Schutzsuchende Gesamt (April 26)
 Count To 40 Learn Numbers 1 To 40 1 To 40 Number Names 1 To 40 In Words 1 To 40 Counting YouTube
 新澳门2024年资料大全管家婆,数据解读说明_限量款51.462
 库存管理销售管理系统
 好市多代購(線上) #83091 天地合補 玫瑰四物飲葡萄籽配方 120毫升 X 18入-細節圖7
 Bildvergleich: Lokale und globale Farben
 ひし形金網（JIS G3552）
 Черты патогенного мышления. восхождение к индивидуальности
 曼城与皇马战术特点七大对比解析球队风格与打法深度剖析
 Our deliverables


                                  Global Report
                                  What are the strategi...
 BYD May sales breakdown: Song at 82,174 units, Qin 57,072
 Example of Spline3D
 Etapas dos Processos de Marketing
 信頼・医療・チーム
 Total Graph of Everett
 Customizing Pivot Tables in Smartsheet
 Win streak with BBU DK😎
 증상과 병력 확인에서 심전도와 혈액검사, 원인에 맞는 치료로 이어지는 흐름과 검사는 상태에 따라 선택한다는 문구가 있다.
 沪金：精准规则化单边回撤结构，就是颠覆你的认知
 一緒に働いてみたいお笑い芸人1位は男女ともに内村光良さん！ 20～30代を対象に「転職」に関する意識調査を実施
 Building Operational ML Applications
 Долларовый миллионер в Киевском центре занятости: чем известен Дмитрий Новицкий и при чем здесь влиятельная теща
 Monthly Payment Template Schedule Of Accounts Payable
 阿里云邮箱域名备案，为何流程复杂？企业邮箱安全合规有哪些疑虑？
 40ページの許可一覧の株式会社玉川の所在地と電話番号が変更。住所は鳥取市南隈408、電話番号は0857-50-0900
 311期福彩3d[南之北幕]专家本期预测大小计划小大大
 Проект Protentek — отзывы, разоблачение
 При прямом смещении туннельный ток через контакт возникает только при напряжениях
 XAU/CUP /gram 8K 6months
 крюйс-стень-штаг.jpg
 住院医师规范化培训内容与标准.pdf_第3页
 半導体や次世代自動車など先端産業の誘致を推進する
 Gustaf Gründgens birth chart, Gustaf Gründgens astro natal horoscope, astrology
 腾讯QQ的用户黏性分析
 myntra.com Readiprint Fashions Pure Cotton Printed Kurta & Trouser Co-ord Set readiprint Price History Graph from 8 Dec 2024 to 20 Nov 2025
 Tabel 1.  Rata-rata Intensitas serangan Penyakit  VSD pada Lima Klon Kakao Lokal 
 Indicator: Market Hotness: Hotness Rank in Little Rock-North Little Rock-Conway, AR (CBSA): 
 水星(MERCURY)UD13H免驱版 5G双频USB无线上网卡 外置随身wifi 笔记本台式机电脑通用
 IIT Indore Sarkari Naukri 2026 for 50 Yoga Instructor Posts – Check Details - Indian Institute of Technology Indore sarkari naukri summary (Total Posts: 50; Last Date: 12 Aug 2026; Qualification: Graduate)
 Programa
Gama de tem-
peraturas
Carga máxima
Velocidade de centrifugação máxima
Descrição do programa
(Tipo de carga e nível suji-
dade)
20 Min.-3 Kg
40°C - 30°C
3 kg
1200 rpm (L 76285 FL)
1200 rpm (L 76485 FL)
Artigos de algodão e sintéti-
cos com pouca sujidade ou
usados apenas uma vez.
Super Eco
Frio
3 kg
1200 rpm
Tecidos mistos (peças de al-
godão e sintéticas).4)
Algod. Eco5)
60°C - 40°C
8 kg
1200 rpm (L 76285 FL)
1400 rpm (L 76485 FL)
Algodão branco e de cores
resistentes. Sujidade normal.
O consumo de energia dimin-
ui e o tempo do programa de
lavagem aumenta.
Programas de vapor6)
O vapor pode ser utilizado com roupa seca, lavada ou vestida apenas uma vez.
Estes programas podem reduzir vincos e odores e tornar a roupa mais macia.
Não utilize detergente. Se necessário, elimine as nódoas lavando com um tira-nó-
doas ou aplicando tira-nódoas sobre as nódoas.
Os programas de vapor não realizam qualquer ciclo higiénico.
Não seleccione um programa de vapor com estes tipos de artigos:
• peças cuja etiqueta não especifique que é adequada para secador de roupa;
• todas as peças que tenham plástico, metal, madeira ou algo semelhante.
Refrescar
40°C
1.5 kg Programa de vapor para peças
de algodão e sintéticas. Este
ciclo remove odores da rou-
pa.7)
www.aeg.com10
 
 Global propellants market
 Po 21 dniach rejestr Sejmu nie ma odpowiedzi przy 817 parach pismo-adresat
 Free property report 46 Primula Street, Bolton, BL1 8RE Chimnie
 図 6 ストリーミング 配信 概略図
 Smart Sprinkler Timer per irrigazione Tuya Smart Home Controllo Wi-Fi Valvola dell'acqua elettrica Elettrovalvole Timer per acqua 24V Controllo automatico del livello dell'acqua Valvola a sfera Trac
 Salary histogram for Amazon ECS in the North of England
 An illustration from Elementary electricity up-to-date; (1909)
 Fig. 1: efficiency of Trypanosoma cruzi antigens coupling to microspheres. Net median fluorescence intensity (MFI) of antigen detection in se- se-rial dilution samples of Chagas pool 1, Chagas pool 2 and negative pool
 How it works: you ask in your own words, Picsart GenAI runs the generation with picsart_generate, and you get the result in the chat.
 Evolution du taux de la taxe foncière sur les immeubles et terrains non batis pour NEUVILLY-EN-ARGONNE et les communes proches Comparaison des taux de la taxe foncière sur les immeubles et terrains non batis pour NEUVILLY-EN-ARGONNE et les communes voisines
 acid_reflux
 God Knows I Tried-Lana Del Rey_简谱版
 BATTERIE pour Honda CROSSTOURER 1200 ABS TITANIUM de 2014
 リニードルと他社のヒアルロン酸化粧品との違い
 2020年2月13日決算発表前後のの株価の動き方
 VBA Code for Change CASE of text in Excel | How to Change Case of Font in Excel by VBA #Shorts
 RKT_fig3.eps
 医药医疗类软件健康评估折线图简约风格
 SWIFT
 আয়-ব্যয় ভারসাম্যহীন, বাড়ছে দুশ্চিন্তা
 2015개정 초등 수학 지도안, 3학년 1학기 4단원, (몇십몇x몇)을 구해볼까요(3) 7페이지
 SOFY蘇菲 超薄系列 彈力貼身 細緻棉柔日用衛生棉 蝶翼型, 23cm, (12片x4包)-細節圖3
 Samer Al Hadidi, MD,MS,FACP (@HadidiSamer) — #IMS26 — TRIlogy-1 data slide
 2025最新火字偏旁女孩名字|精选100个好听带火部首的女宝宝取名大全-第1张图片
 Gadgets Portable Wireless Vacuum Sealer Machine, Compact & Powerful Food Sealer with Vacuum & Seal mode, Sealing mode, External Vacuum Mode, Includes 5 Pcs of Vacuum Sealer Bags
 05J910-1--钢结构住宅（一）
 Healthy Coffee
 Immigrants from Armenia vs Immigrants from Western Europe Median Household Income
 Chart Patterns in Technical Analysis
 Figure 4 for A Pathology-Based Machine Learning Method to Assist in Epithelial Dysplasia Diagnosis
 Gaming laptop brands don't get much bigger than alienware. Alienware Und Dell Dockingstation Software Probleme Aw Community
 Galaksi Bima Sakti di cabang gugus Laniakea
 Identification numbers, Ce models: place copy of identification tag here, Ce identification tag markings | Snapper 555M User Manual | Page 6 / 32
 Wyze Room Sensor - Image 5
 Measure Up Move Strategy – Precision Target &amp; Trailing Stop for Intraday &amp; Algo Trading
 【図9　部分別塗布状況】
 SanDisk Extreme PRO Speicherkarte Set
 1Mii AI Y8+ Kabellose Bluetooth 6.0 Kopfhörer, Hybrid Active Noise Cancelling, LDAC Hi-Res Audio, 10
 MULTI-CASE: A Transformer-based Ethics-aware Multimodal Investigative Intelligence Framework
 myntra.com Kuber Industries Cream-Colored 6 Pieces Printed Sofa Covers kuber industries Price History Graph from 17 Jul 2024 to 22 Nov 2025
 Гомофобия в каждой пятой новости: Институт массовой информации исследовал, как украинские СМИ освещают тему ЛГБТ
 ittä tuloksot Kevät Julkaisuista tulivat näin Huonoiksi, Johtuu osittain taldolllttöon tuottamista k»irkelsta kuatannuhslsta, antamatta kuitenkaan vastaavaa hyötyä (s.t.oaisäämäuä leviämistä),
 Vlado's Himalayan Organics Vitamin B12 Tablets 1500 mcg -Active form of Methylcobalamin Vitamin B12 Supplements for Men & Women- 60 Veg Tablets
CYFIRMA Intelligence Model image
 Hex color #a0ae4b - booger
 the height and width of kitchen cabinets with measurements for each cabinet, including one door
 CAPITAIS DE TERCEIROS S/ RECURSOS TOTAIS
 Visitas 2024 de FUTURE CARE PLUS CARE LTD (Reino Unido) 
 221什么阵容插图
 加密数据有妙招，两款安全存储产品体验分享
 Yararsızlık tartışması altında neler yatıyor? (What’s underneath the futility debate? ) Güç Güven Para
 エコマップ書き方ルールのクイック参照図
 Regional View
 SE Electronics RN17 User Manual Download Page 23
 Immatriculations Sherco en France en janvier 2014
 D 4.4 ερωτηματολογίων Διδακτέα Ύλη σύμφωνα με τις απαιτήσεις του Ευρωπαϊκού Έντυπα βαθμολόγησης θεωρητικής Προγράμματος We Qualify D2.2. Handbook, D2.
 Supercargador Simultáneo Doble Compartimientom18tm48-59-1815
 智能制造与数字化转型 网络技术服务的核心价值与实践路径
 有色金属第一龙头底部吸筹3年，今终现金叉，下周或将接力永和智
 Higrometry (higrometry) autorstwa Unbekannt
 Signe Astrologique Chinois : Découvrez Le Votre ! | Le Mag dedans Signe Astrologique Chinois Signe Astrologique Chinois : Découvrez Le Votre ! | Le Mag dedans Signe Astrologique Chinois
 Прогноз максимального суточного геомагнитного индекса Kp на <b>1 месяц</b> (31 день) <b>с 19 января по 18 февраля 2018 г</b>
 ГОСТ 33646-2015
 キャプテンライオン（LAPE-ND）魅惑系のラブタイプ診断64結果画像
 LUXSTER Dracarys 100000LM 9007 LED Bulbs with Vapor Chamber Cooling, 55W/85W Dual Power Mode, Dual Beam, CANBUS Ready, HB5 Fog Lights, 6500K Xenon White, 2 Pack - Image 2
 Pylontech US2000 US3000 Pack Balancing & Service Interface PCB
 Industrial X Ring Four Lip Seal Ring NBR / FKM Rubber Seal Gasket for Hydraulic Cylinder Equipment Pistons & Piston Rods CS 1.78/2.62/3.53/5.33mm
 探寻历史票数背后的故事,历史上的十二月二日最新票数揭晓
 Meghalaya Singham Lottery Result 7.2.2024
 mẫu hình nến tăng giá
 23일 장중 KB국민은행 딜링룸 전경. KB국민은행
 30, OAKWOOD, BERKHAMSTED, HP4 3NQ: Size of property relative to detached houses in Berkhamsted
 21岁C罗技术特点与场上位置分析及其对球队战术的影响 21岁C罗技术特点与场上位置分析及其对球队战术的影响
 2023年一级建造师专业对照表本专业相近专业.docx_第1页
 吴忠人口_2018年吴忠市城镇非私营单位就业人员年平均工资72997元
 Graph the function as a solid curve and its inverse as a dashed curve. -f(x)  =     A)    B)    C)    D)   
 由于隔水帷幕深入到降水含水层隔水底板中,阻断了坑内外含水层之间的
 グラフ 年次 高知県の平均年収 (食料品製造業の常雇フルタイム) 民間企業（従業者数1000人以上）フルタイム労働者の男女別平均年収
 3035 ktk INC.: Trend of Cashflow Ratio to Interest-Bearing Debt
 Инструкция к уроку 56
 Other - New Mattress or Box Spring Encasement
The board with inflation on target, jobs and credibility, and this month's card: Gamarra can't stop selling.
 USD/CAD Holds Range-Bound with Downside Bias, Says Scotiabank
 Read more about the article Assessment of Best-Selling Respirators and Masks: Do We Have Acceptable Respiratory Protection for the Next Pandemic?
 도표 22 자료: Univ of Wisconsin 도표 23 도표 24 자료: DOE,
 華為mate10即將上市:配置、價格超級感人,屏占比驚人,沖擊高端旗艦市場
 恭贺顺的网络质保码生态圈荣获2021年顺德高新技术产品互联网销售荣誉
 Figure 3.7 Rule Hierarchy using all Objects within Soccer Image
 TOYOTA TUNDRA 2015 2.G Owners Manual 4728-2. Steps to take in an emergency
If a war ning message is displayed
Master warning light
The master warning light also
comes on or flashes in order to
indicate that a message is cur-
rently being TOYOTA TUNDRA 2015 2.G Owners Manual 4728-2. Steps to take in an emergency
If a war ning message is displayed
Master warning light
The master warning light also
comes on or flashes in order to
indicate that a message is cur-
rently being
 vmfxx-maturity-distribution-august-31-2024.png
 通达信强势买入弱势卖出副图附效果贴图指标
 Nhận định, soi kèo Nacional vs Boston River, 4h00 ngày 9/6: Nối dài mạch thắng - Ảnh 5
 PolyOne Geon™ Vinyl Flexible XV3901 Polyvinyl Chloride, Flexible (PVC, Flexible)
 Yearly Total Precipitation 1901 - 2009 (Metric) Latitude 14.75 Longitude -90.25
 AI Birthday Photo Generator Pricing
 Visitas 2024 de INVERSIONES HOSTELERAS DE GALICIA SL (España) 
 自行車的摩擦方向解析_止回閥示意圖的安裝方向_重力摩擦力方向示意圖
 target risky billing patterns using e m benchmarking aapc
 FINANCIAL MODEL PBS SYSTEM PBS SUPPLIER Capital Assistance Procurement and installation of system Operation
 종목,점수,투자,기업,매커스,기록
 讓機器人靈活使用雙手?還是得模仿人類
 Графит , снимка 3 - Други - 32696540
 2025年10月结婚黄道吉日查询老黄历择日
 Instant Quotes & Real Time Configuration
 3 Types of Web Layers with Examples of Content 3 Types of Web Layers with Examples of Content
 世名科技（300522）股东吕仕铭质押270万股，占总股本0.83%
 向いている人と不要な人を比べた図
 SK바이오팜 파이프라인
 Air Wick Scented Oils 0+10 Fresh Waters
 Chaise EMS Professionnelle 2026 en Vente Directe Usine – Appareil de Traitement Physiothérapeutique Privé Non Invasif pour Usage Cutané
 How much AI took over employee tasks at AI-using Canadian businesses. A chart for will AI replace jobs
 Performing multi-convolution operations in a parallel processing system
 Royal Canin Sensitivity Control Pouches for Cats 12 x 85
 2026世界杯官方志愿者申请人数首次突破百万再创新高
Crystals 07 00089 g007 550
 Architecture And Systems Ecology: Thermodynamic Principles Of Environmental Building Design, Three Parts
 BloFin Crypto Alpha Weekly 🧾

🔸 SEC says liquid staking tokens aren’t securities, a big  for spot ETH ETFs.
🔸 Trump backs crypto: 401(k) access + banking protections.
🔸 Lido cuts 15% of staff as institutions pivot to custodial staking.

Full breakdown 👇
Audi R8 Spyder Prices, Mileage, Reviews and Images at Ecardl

Task item
Of the entries above, transcribe exactly those lines that fall between the line containing "Supercargador Simultáneo Doble" and the line containing "Higrometry (higrometry) autorstwa Unbekannt", together with those two lines.

Expected answer
 Supercargador Simultáneo Doble Compartimientom18tm48-59-1815
 智能制造与数字化转型 网络技术服务的核心价值与实践路径
 有色金属第一龙头底部吸筹3年，今终现金叉，下周或将接力永和智
 Higrometry (higrometry) autorstwa Unbekannt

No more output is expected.